If $|a_{n+1} - a_n| < 2^{-n}$ prove $(a_n)$ converges.

Question

The solutions present a different proof to what I came up with.

I am given $|a_{n+1} - a_n| < 2^{-n}$

Suppose $m$ >> $n$. Now : $$|a_{n+1} - a_m + a_m - a_n| < 2^{-n}$$ $$|a_{n+1} - a_m + a_m - a_n| \ge |a_m - a_n|-|a_{m}-a_{n+1}| \ge|a_m-a_n| < 2^{-n}$$

Now pick $N$ and $\epsilon > 0$ such that $2^{-N} < \epsilon$.

Then for $m > n > N$ I have $|a_m - a_n|< \epsilon \iff$ Cauchy therefore convergence.

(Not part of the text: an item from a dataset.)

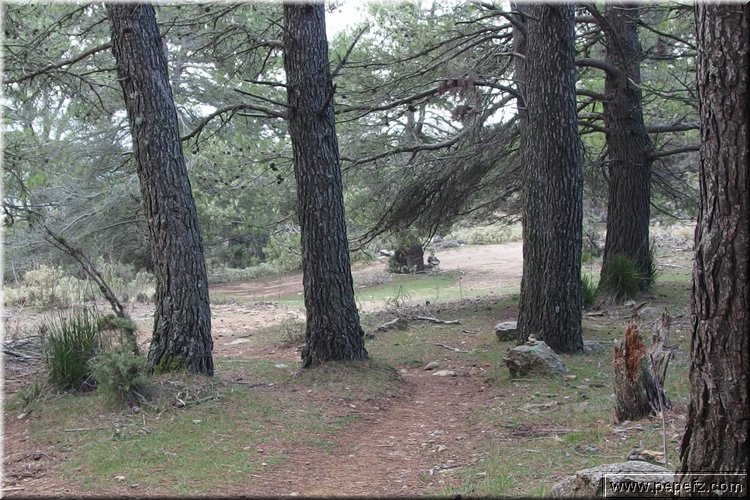 PA060777.JPG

Is this right? Or do I need to tweak some things

Answer 1

You proof is wrong because you can't conclude that $|a_m-a_n|<2^{-n}$, you can only say that $2^{-n}+|a_m-a_{n+1}|\geq |a_m-a_n|$. However this can be fixed, if $m> n$, applying your result repeatedly will lead you to $$2^{-n}+2^{-n+1}+\cdots+2^{-(m-1)} \geq |a_m-a_n|$$ from which you can easily show that $a_n$ is Cauchy.

Answer 2

Let $ n,p >0$.

$$|a_{n+p}-a_n|=$$ $$|a_{n+p}-a_{n+p-1}+...+a_{n+1}-a_n|\le$$

$$2^{-(n+p-1)}+...+2^{-(n+1)}+2^{-n}=$$

$$2^{-n}(1+2^{-1}+...+2^{-p+1})=$$

$$2^{1-n}(1-2^{-p})\le 2^{1-n}$$

for $ n $ great enough, we will have

$$|a_{n+p}-a_n|\le 2^{1-n}<\epsilon$$

$(a_n) $ is Cauchy, and converges.